■ **Assignment**: Read through the records below and copy each line that uses the word "appliances".

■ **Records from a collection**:

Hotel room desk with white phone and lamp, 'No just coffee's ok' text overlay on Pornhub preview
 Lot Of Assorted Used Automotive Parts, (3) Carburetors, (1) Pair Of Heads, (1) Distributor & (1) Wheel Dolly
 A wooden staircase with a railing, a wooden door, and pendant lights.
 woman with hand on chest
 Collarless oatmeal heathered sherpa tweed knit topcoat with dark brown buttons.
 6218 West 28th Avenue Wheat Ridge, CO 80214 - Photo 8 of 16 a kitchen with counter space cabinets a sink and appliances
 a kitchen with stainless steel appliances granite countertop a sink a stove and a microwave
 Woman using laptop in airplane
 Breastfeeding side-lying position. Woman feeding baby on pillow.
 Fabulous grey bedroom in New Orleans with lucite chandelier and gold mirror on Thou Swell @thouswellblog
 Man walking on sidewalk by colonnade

■ **Answer for this exercise**:
 6218 West 28th Avenue Wheat Ridge, CO 80214 - Photo 8 of 16 a kitchen with counter space cabinets a sink and appliances
 a kitchen with stainless steel appliances granite countertop a sink a stove and a microwave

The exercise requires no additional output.